Z badania wynika, że niemal co druga mikro, mała i średnia firma nie może też doczekać się na pieniądze po upływie dwóch miesięcy. Rozliczenia B2B najbardziej pogorszyły się w branży handlowej i transportowej. Poprawa sytuacji widoczna jest jedynie w budownictwie
"Przedłużające się oczekiwanie na płatność może skutecznie zachwiać płynnością finansową przedsiębiorcy-wierzyciela. Brak środków na koncie najczęściej prowadzi do problemów z terminowym regulowaniem własnych zobowiązań wobec kontrahentów, pracowników, instytucji finansowych i podatkowych, a w ekstremalnych sytuacjach może doprowadzić nawet do bankructwa. Jeśli zdarzy się współpracować z kontrahentami, którzy nie płacą w terminie, nie można biernie czekać aż problem sam się rozwiąże. Zwłaszcza dziś, gdy czasy są pełne wyzwań, troska o płynność finansową własnego biznesu powinna być priorytetem dla każdego przedsiębiorcy niezależnie od wielkości firmy i branży" - powiedział prezes BIG InfoMonitor Sławomir Grzelczak, cytowany w komunikacie.

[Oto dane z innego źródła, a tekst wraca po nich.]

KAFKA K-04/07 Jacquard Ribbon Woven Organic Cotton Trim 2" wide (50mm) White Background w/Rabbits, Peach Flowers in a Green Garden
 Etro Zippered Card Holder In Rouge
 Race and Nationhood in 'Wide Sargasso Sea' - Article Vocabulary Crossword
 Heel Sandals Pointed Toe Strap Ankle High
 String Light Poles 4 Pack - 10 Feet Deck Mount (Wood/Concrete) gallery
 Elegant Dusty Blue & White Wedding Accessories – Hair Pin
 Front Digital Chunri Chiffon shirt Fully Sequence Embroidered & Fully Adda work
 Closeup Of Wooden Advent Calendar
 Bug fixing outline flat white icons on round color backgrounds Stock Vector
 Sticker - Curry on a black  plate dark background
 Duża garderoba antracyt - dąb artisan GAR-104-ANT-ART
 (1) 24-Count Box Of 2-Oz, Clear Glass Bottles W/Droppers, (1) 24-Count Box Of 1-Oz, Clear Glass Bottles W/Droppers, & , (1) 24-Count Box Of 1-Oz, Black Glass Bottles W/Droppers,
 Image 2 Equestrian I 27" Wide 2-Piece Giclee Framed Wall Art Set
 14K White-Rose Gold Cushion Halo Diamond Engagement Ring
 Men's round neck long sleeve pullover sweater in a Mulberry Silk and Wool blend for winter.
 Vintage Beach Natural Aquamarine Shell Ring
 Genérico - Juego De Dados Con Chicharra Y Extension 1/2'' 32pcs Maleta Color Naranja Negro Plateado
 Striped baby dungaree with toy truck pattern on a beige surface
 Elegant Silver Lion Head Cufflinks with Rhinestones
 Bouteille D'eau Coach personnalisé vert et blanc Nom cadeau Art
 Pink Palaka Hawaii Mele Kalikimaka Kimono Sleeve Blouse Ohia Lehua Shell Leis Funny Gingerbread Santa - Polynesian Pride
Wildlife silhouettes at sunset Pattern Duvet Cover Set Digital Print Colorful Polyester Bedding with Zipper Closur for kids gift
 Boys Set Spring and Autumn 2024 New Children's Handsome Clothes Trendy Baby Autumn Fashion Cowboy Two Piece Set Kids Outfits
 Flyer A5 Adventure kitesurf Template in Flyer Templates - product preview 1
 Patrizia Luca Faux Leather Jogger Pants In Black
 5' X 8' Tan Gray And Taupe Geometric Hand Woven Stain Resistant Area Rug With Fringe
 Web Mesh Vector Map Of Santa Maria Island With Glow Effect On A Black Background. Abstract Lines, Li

Opóźnione płatności to wciąż bardzo poważny problem. Dla niespełna połowy przeterminowanie faktur to już nawet dwa miesiące. Dwumiesięczne opóźnienia zgłaszają zwłaszcza małe (10-49) i średnie przedsiębiorstwa (50-249) oraz przedstawiciele branży handlowej - 63%, podano.
Zdecydowanie najwięcej opóźnień płatności przekracza 30 dni. To problem 62% firm. W porównaniu do ostatniego kwartału zeszłego roku wzrost jest prawie dwudziestoprocentowy. Co istotne, najczęściej ryzyko opóźnień pojawia się nie w jednoosobowych firmach, a tych, które zatrudniają na etacie 10 lub więcej osób. Ten problem dotyczy prawie 70% firm.
Najwięcej opóźnień notowanych jest w czterech branżach. Niechlubnym rekordzistą jest handel. Tutaj opóźnienia płatności o ponad 60 dni wzrosły do 63% (z 28%), a także w transporcie, z 18% do 44% Spory skok widoczny jest też w usługach (o 10 pkt.%), gdzie już 38% firm mówi o dwumiesięcznym oczekiwaniu na płatności od kontrahentów.
Pozytywny sygnał płynie z budownictwa. W tym sektorze sytuacja w zakresie zatorów poprawia się. Problem z zatorami jest mniejszy o 11%. Jedynie co czwarta firma budowlana wskazuje opóźnienia o ponad 60 dni. Znamienne jest to, że jeszcze w zeszłym kwartale budownictwo notowało rekordowy wskaźnik opóźnień płatności.
- Duże opóźnienia w firmach handlowych są jednym ze sposobów zwiększenia konkurencyjności. Gorsze nastroje konsumenckie sprawiają, że wiele firm ma problem ze sprzedażą produktów. W związku z tym opóźnia rozliczenia przede wszystkim z hurtownią. Podobnie dzieje się w branży transportowej. Wzrost cen transportu sprawia, że część usługobiorców nie ma możliwości terminowego regulowania swoich zobowiązań wobec firm transportowych – pisze w komentarzu BIG Infomonitor.